Student Journeys

Space to Demonstrate our Views and Interests 

This year I participated in the Fifth Democratic Education Network (DEN) Conference, titled ‘Power and Contestations in Global Worlds: Identities, Conflicts, and Developmental Challenges’. Although I took part in both organizing and presenting at the conference last year, I enjoyed the experience I had this year. As students, we must do coursework, whether an essay, a presentation, a policy briefing or a learning portfolio. In addition, we are motivated to do our best to receive high marks in coursework. When we have to present a topic in front of other colleagues that a tutor does not mark, we get the space to demonstrate our views and interests at a better level. 

           This year’s conference encompassed a range of topics, including British Politics, Identity crisis, development challenges or democracy, and liberalism. Due to this, I believe that we learn a lot more and get more space to share our views.

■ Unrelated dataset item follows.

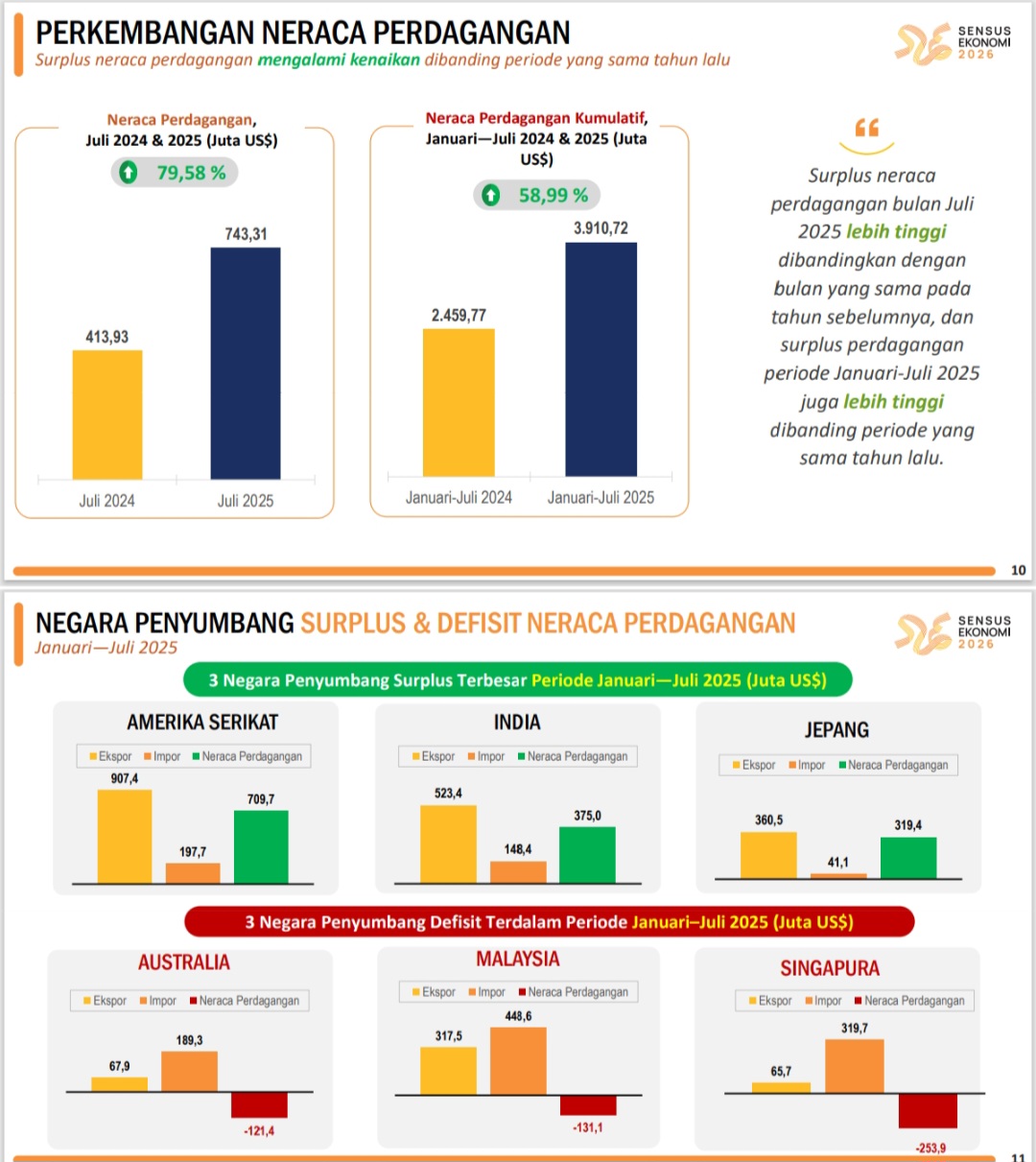 Neraca Perdagangan Sumut Surplus US$743,10 Juta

My presentation focused on international institutions and whether they can maintain peace and security in contemporary politics. Through my presentation, I shared my opinions about a specific topic of my interest. How is that different from coursework, one may think? There were no criteria to be followed, it was not marked, and there were no restrictions to ideas and thoughts. I was free to share my views and have a discussion with the audience. The questions posed by the audience showed genuine interest in my opinions and ideas rather than discussing the literature of other scholars and analyzing it. 

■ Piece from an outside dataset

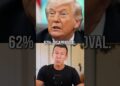Trump’s Approval Simply Hit A New Low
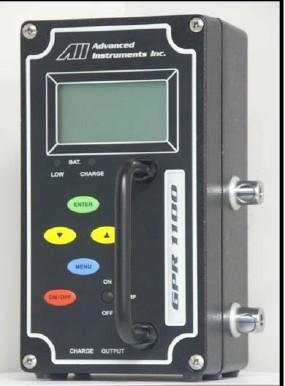 GPR-1500΢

           Throughout the conference, I mostly enjoyed the wide range of topics and ideas that other students discussed and how they presented them in their preferred way. I learned about different aspects of different places worldwide that may otherwise be ignored. This helped develop various skills within me, such as communication, presentation, research, collaboration, imitative and planning, and self-management. More importantly, participation in such fruitful events develops one’s confidence. Although there is freedom and space regarding the choice of topic and presentation style, it is not simple to stand up and present to an audience. This significantly develops confidence within us as students and learners, which is very useful at a graduate level. 

           Overall, being part of the Democratic Education Network has made me ready to participate in and organize such successful events. Through this, I have engaged with different people and built a network with a range of people from various fields and with different experiences. I am grateful to be part of such a diverse community and participate in such events.